La junte au pouvoir au Mali a dénoncé une « énième trahison » à propos du retrait en cours et sous tension de la mission de l’ONU du pays, en accusant la France de tenter de l’accélérer pour favoriser les groupes jihadistes.
Les colonels arrivés au pouvoir par la force en 2020 ont réclamé et obtenu du Conseil de sécurité en juin, après des mois de dégradation des rapports avec la mission onusienne, le départ de la Minusma déployée depuis 2013 dans ce pays en proie au jihadisme et à une profonde crise multidimensionnelle.

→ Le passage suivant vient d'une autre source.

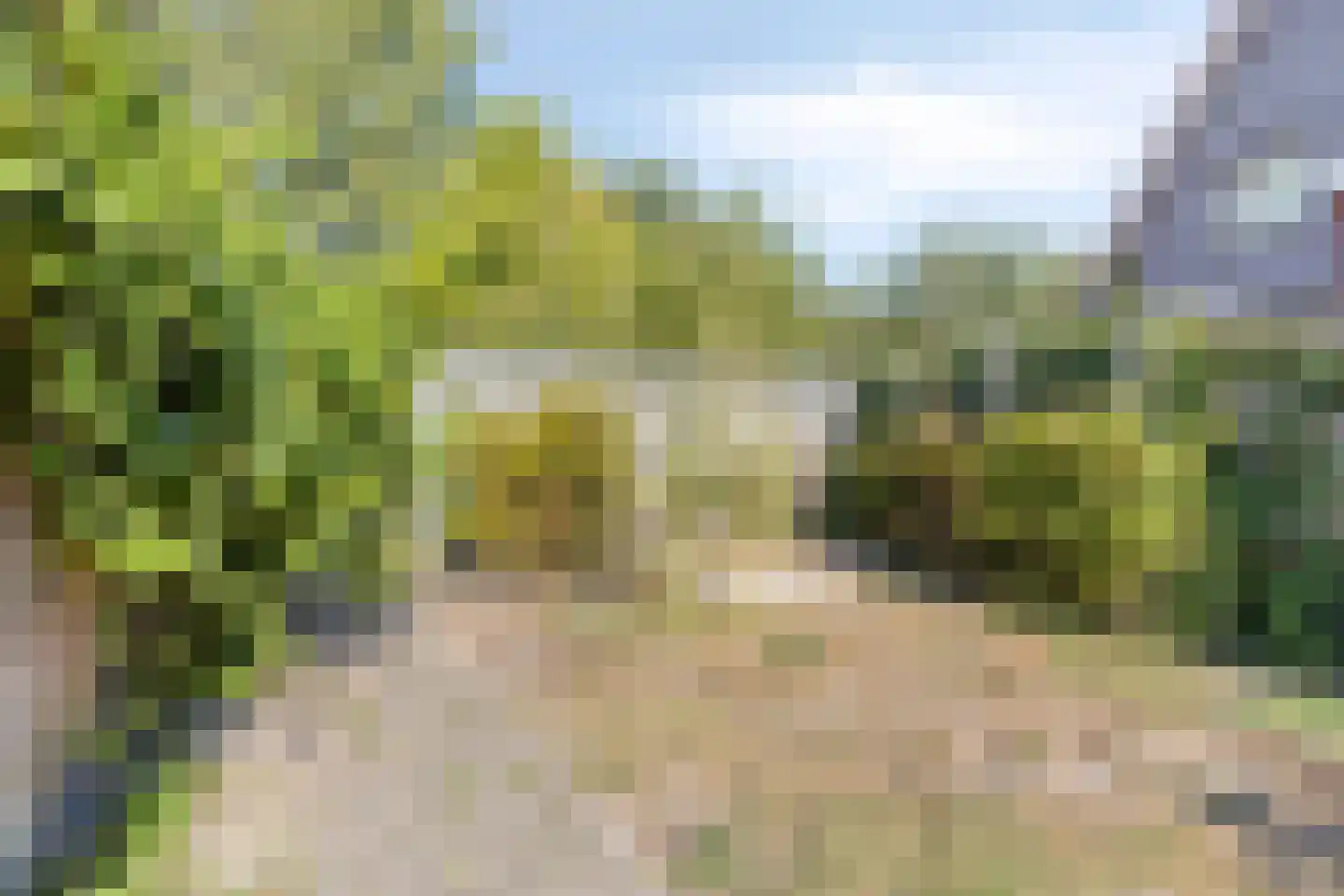 Vlasakkerweg 9 Dreischor thumbnail 48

La Minusma doit avoir quitté le pays d’ici au 31 décembre. Elle a déjà transféré aux autorités maliennes quatre des camps qu’elle occupait, et doit en libérer plusieurs autres dans les jours ou les semaines à venir dans la région de Kidal (nord).
Ce départ a exacerbé les rivalités pour le contrôle du territoire entre acteurs armés qui se disputent le contrôle des vastes étendues du nord malien.
Les groupes séparatistes à dominante touareg ont repris les hostilités contre l’Etat central et le Groupe de soutien à l’islam et aux musulmans (GSIM) affilié à Al-Qaïda a multiplié les attaques contre les positions militaires.
Le déroulement de son retrait, une opération d’envergure menée sous la menace des attaques, vaut à la Minusma des critiques à la fois des autorités et des rebelles.
La Minusma a commencé en début de semaine à se retirer de ses camps de Tessalit et Aguelhok dans la région de Kidal, dans un climat de haute tension. Jeudi, un avion cargo C130 tunisien affrété par la Minusma a essuyé des tirs lors de son atterrissage à Tessalit sans faire de dégâts, ont indiqué des sources aéroportuaires sur place. L’information a été confirmée localement par un membre des Nations unies.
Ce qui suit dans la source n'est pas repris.